The big assumption there is that the stacks are the same at distributed and central sites; there’s just more stacks at the central site. So, you can actually produce stacks for the entire hydrogen economy of electrolyzers, PEM electrolyzers, that are equivalent and thus get more benefits for economies of scale. Using the same data sources, we were also able to identify from low manufacturing rate costs the upper bounds of our errors, and from our predictive models, potential lower bounds for the error in the stack prices. Now the error bars might look a little extreme here, but I will tell you right off that this is just one component of the total capital cost. That’s just one component of the H2A cost for hydrogen. And you’ll see later on in some of the sensitivity analysis, this is not the most significant cost driver that we’ll see. So, these error bars in here don’t throw off the hydrogen price prediction too much.

We carried out the solid oxide stack price in a similar fashion. Here the stack prices were a little lower for production. The Current case stack price had a nominal value of 20 cents per centimeter squared in our baseline and 15 cents per centimeter squared. The error bars here might even look a little larger than in the PEM case.
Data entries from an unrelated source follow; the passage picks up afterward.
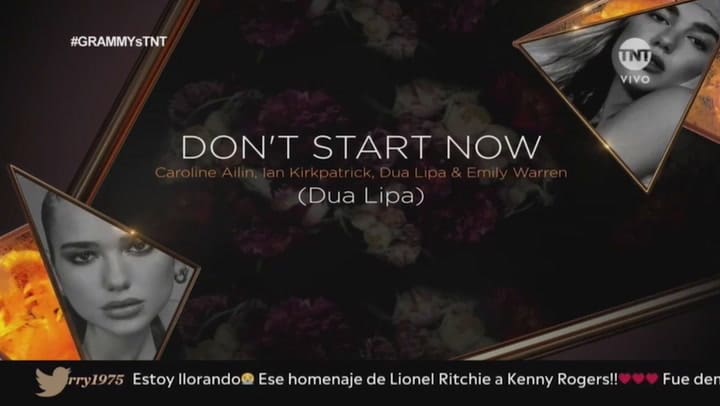 I Cant Breathe' de H.E.R. gana el premio a 'Canción del Año' en Grammy 2021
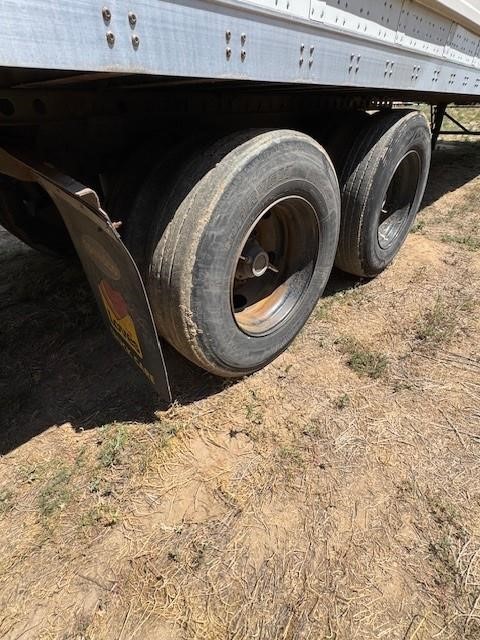 2017 WABASH DRY VAN - image 6 of 6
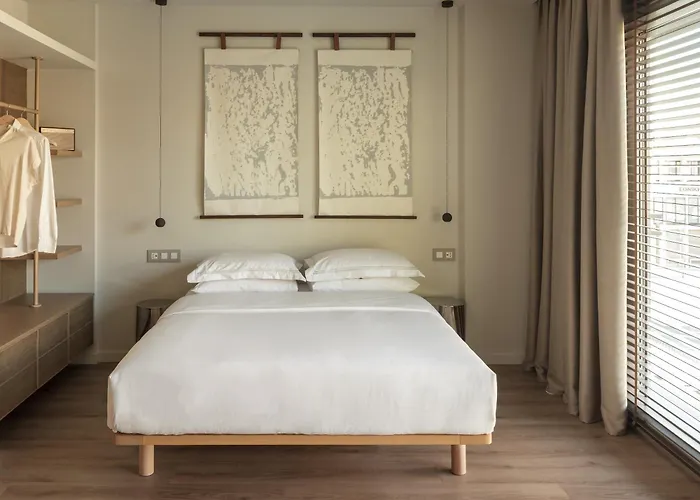 Kaoma Comfort Apartahotel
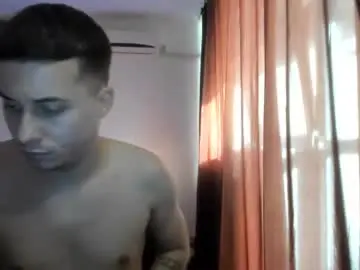 Chaturbate Adult Webcam of dreamboy240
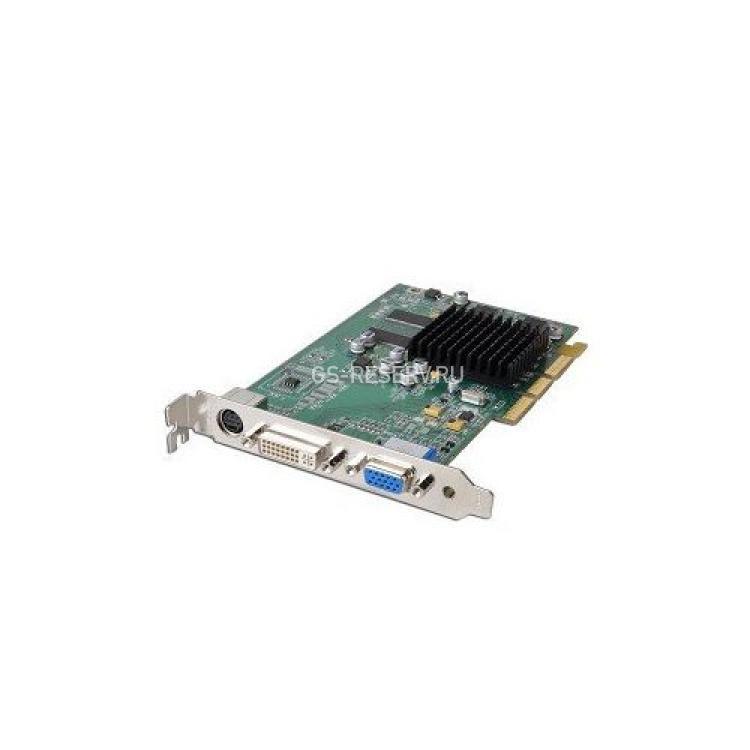 Видеокарта ATI RadeOn 7000 32Mb 64Bit AGP4x(ATI7000)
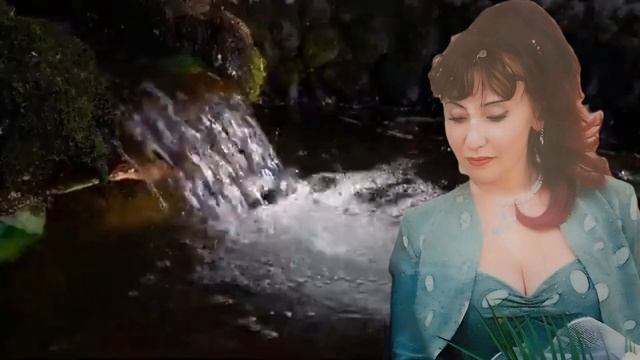 Душа-водица. Стихи и видеоряд - Евгений Доставалов, декламация и монтаж - Николай Решетников.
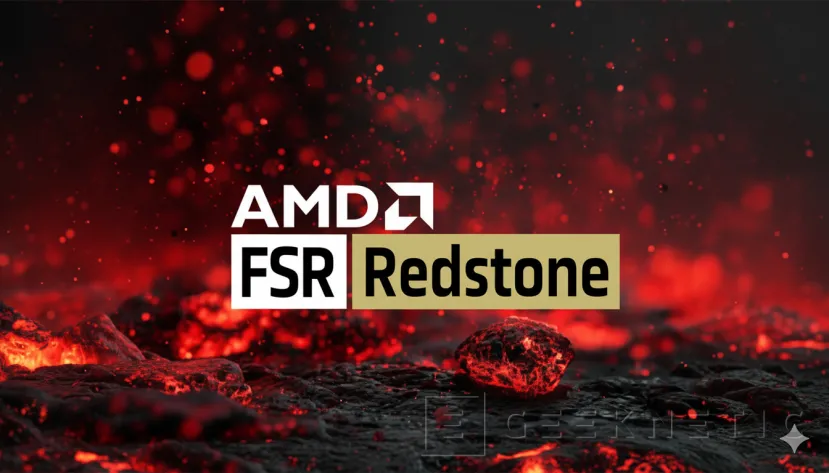 Geeknetic AMD estrena FSR Ray Regeneration en Call of Duty Black Ops 7 con ray tracing más limpio gracias a la IA 1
But actually, they’re even less of―the stack price has even less of an impact given that the capital cost of the larger and more complex solid oxide system dominates a lot of the capital cost’s influence on the total hydrogen price.

The PEM mechanical BoP cost, this is that module we were talking about, is shown here on the right. This is actually the cost for the Current Distributed case. As we built up our process flow diagram that you saw earlier we developed this bill of materials as well and through a number of sources such as quotes, our own economic models, and our history collecting data on various components for systems like this we were able to build up a cost model, come up with a total, apply some markups and contingencies, and develop a reasonable approximation of what we expect a system to cost for a Distributed case. When you’re making several hundred of these, we can also apply some discounts to the individual components for buying multiple units and running at economies of scale. As I mentioned before there are actually different sizes of this module for the distributed, central, distributed and central sizes, so that we have these scaled in different locations to account for the flow rate. I just am not showing them all here because it would just be table after table of numbers. But the data will also all be in the published H2A cases that you can find online.

The solid oxide mechanical BoP costs were done in a very similar fashion. In fact, we used the same discount rates when we could. We were still using total electrolyzer production rate of 700 megawatts per year. And we have both a Current and a Future case here. You’ll see some zeros in here. This describes changes in the systems. You can refer to the PFDs that were shown earlier to show which systems were not or which components were not in each system. But that’s why there are zeros there so you can see the cost difference and cost savings of removing certain components from one system or the other.

The electrical BoP cost was based off of quotes from a rectifier and transformer company. We added in some costs for ancillary equipment. We applied some cost reductions for the central plants given that they are larger size and would be essentially “buying in bulk.” Markups were applied to the cases as required and we applied a discount to all our future technology assuming there would be some improvement as we went along that would reduce the costs in the future.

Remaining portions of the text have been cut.